The response of the PNG National Government and the 23 Provincial health authorities has been wholly inadequate. Nothing better illustrates this than the reality that just over 200,000 people out of an adult population of six million has received one vaccination - with probably no more than 50,000 fully vaccinated.
The vaccination rate among hospital and health centre nurses and other workers is probably no more than 20 per cent, despite all health care workers getting vaccine priority. Vaccine resistance in the health sector remains alarming and is adding to pressures on major hospitals which are over-crowded and short of key medicines and services.
Australia has been the major provider of vital support for Papua New Guinea and Pacific Island nations as they confront the pandemic. We have given substantial cash support, almost unlimited vaccines, oxygen and ventilators and expert support.
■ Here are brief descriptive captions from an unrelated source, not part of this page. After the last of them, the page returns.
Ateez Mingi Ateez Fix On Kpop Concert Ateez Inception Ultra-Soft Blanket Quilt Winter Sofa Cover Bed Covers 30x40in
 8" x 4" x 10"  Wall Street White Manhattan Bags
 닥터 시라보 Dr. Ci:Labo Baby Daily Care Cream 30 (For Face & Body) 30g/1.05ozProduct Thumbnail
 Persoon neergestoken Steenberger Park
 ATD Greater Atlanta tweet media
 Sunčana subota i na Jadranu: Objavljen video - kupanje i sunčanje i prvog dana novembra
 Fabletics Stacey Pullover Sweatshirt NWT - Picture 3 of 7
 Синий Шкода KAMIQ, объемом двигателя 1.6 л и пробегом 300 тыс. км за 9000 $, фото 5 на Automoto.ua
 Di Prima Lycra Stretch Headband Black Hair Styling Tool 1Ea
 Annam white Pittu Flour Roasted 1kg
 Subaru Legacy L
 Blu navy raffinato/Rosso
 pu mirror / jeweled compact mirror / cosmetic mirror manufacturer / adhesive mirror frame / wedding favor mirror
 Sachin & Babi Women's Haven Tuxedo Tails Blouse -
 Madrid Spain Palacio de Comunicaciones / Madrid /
In the case of Fiji, we have played the key role, beside the Fiji National Government, in helping the island nation achieve a double vaccination rate of over 80 per cent, enabling international tourism to resume by Christmas.
But the position in Papua New Guinea is deteriorating, and deteriorating rapidly. It is beyond the capacity of Australia to resolve, though as I have suggested we need to increase our assistance, but target it more to addressing gaping problems in the health system and not just providing cash which is not guaranteed to go where it is most in need!
But there is one other way Australia can help our neighbour in its moment of growing need.
Earlier this year I highlighted the unique role the Christian Churches play in Papua New Guinea, where Christian adherence among the population is above 90 per cent. In many rural communities it is 100 per cent.
Close to half the hospital and health care services for the nine million men, women and children of Papua New Guinea are provided by the churches – notably the Catholic, Lutheran, United and SDA churches. The Salvation Army and a number of other churches also provide specialist health and welfare services.
Remarkably, only a fraction of the cost of providing hospital and health care services is met by the National Government. With no real private health insurance system church run hospitals and health centres must raise their own funds, or secure support from overseas church partners. And they also rely on volunteers, and missionary workers, as they have done for generations.